(Work order):
Restate word for word the entries below, starting at the line with "This way we" and ending at the line with "Today we are". Keep both end lines and omit the pictures.

(Data section):
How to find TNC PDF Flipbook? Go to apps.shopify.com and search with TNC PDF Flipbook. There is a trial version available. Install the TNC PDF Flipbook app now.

...

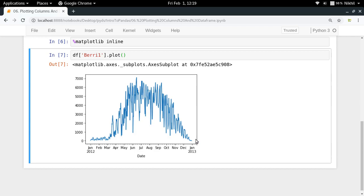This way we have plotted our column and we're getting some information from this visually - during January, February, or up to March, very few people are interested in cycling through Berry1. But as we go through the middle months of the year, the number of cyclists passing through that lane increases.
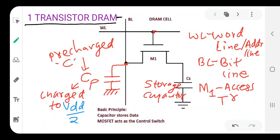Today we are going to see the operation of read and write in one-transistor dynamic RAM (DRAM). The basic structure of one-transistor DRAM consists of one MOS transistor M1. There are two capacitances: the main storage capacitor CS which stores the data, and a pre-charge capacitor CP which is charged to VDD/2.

(Written response):
This way we have plotted our column and we're getting some information from this visually - during January, February, or up to March, very few people are interested in cycling through Berry1. But as we go through the middle months of the year, the number of cyclists passing through that lane increases.
Today we are going to see the operation of read and write in one-transistor dynamic RAM (DRAM). The basic structure of one-transistor DRAM consists of one MOS transistor M1. There are two capacitances: the main storage capacitor CS which stores the data, and a pre-charge capacitor CP which is charged to VDD/2.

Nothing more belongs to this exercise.